Figure 1. The timed kernel for a measurement of cache size, using stride-4 accesses.

- 1. The block (line) size b of the cache is a power of two in bytes, with  $b \geq 4$ . The block-offset function B() is a bit-selection function, with B(x) = x&(b-1). (This is the typical mechanism by which a cache optimizes spatially-local accesses.)
- 2. The cache has associativity a. There are S sets in the cache and S is a power of two. So the total capacity C of the cache, measured in bytes, is given by C = Sab. Note: C and a are not necessarily powers of two.
- 3. The set-index mapping function M() is not necessarily a bit-selection function. However all elements of any aligned array of size C can be cache-resident simultaneously, implying that the function M() maps aligned address ranges of Sb bytes uniformly, with exactly one memory block of b bytes mapped to each of the S sets in the cache. So M() may be expressed as the functional composition of an S-permutation  $\pi_{x/Sb}$ :  $M(x) = \pi_{x/Sb}((x/b)\&(S-1))$ . Note that the permutation  $\pi_{x/Sb}$  may be the identity map, in which case the usual bit-selection function is employed for M(). Non-trivial  $\pi_{x/Sb}$  have been proposed elsewhere [7].
- 4. A cache-miss on a read access will always cause the referenced block of data to be brought into the cache, displacing at most one "old" cache line according to either a LRU or a FIFO replacement algorithm.
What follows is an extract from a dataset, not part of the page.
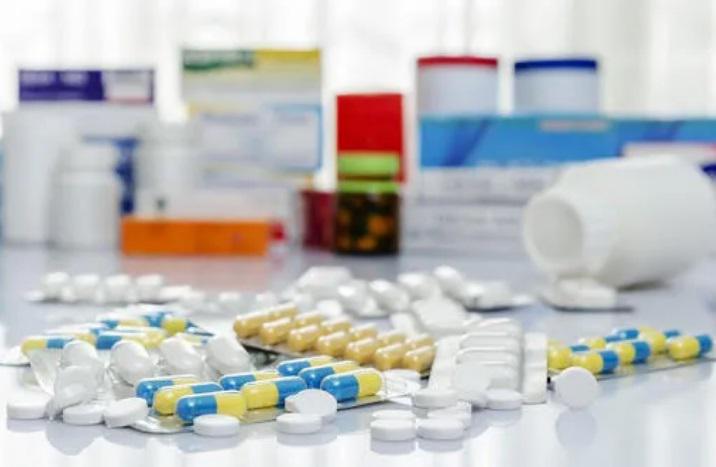 ოთხმა ფარმაცევტულმა კომპანიამ წამლების ფასი ხელოვნურად გაზარდა: თვითღირებულებაში შეიტანეს საჩუქრების, მოგზაურობების და სხვა ხარჯები - ისინი 560 000 ლარით დაჯარიმდნენ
A cachemiss on a write access will cause the referenced block of data to be brought into the cache if and only if the primary cache has an "allocate on write" policy.

- 5. Though a cache hit on a read access will never issue a access to other deeper memory layers, a cache-hit on a write access to primary cache will cause a write access to a deeper layer in the memory hierarchy (i.e. to secondary cache, primary memory, or secondary memory) if and only if the primary cache has a "write-through" policy.
- 6. The time required by a cache miss on a read is at least 20% larger than the time required by a cache hit on a read. The time required for a cache miss on a write is at least 20% larger than the time required by a cache hit on a write, if the cache does not employ a "write-through" policy. If, instead, the cache employs a "write-through" policy, then the time required for a write access to primary cache is not significantly affected by whether the data is present in the primary cache.
- 7. The secondary cache can be disabled, if desired, to increase the accuracy of estimation of cache parameters other than the miss penalty. (Note: we have disabled secondary cache in our experiments on the Pentium and Pentium Pro workstations, described in this paper.)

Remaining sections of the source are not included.